May 28, 2011

Jangkitan Penyakit Melioidosis and Leptospirosis (Air Kencing Tikus)


Baru-baru ini jangkitan penyakit Melioidosis dan Leptospirosis (air kencing tikus), bagi pengunjung di kawasan perkelahan sungai di Pahang, semakin meruncing sehingga meragut beberapa nyawa.
Orang ramai mungkin tidak berapa tahu mengenai kedua-dua jenis penyakit berjangkit yang berbahaya ini, yang mana boleh menyebabkan kematian dalam tempoh yang singkat.

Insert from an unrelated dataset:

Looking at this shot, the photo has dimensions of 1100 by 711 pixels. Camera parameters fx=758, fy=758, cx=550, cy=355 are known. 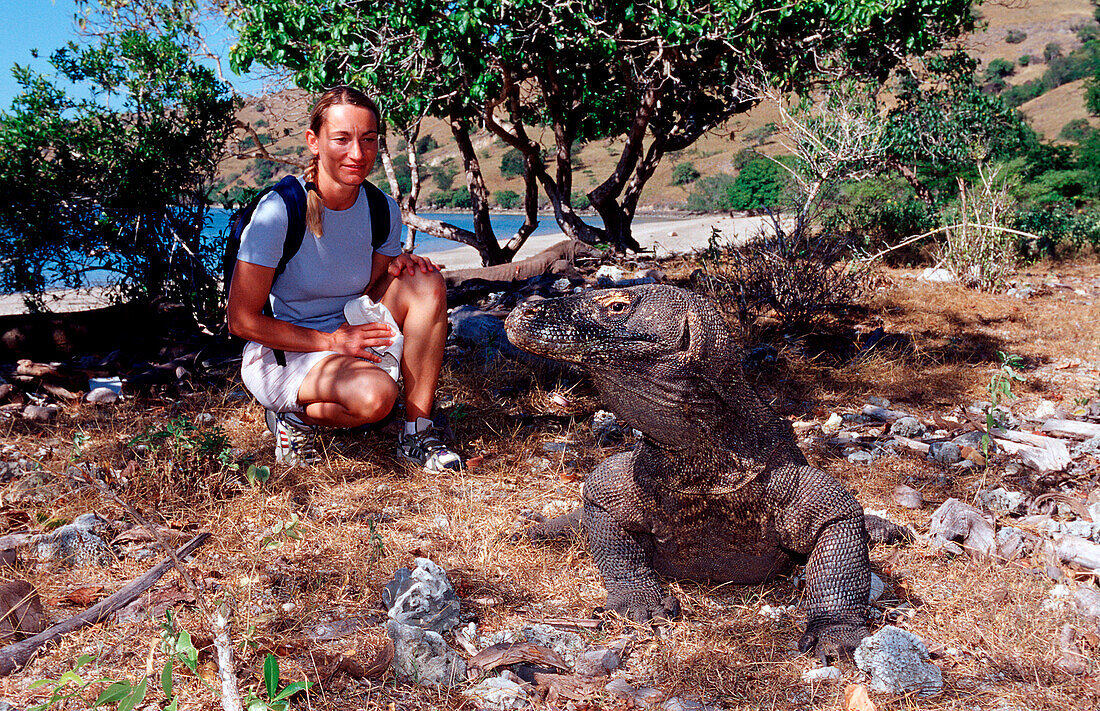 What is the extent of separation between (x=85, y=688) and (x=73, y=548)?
101 centimetres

Berikut dipanjangkan artikel-artikel perubatan mengenai jangkitan kedua-dua penyakit berbahaya yang disebabkan oleh bakteria ini.
MELIOIDOSIS
Melioidosis is an infectious disease of humans and animals caused by a gram-negative bacillus found in soil and water. It has both acute and chronic forms.
Description of Melioidosis
Melioidosis, which is sometimes called Pseudomonas pseudomallei infection, is endemic (occurring naturally and consistently) in Southeast Asia, Australia, and parts of Africa. It was rare in the United States prior to recent immigration from Southeast Asia. Melioidosis is presently a public health concern because it is most common in AIDS patients and intravenous drug users.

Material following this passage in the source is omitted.